Copy exactly, and only, the lines from the one with "Electrodes Adulte Powerheart G5 - la paire" to the end of the listing; omit pictures.
==== GIVEN INFORMATION ====
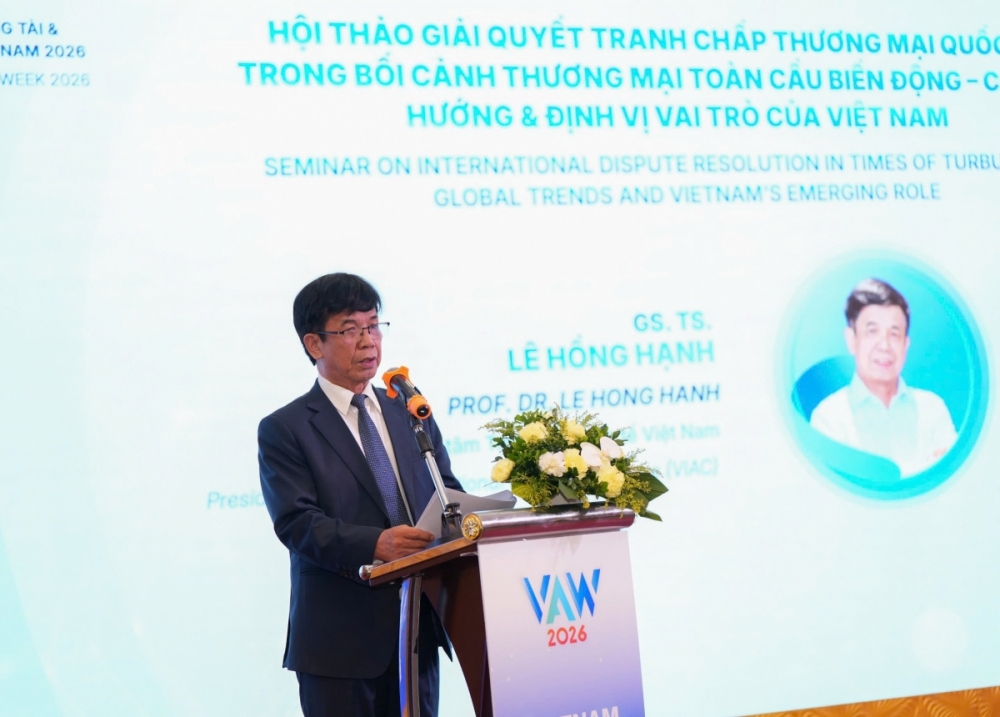 GS.TS. Lê Hồng Hạnh, Chủ tịch Trung tâm Trọng tài Quốc tế Việt Nam (VIAC) GS.TS. Lê Hồng Hạnh, Chủ tịch Trung tâm Trọng tài Quốc tế Việt Nam (VIAC)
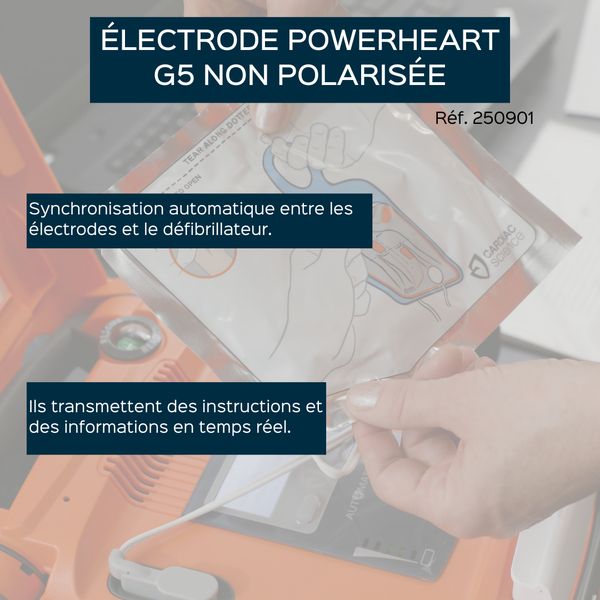 Electrodes Adulte Powerheart G5 - la paire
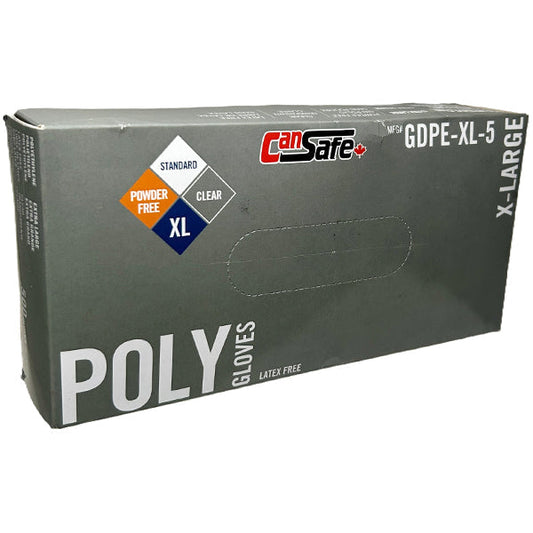 Safety Zone - Polyethylene Gloves Xl 10X2X500 Ea - Canadian Distribution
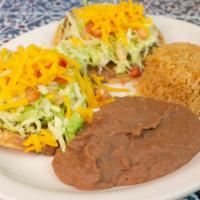 Chalupa Plate · Three chicken enchiladas topped with tomatillo sauce, with a side of lettuce and tomato. Inc...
====
PROBLEM SOLUTION>
 Electrodes Adulte Powerheart G5 - la paire
 Safety Zone - Polyethylene Gloves Xl 10X2X500 Ea - Canadian Distribution
 Chalupa Plate · Three chicken enchiladas topped with tomatillo sauce, with a side of lettuce and tomato. Inc...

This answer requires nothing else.